Periodic Reporting for period 1 - FraMoS (Multi-resolution Fracture Models for High-strength Steels: Fully Ductile Fracture to Quasi-cleavage Failure in Hydrogen Environment)
Reporting period: 2016-12-01 to 2018-11-30
Zirconium based alloys used in nuclear reactors are susceptible to hydrogen pickup. When hydrogen concentration in the solid solution exceeds the threshold limit (terminal solubility), a solid state phase transformation reaction occurs in these alloys. The zirconium hydride phase so precipitated is brittle and may influence the integrity of structural components by various mechanisms like hydride blistering, delayed hydride cracking (DHC) etc. Hydride precipitation in zirconium alloys usually occurs by nucleation, growth and coarsening, and is typically influenced by the elastic coherent stresses (resulting from phase transformation) as well by the external stress field. In this work, detailed micromechanics based (Eshelby-type) analyses are carried out to understand the mechanics and energetics associated with precipitation of zirconium hydrides. The proposed models for nucleation and growth of hydride precipitates will be combined with a suitable microscopic criterion for damage development to cover the entire spectrum fully ductile fracture to brittle-type failure in hydrogen environment.

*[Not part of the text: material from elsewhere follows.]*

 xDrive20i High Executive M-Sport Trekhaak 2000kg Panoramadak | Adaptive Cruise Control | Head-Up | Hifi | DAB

The research work is currently being pursued to combine the developed models for nucleation and growth of hydride precipitates with a suitable microscopic criteria for damage development. The resulting models for hydride embrittlement will cover the entire spectrum from fully ductile fracture to brittle-type failure of Zirconium alloys in hydrogen environment. The understanding gained from modelling of hydrogen embrittlement in zirconium alloys will be combined with on-going work at Oxford on steels to describe the ductile-brittle transition in non-hydride forming materials. The development of such predictive models will be highly useful to the nuclear industry where hydride embrittlement of zirconium alloys is a serious concern for integrity of pressure retaining components like pressure tube in CANDU-type reactors and fuel clads of light water reactors. The unravelling of linkage between microstructure and toughness particularly for non-hydride forming metals like high strength steels is expected to play an important role in the development of stronger, tougher and more durable alloys.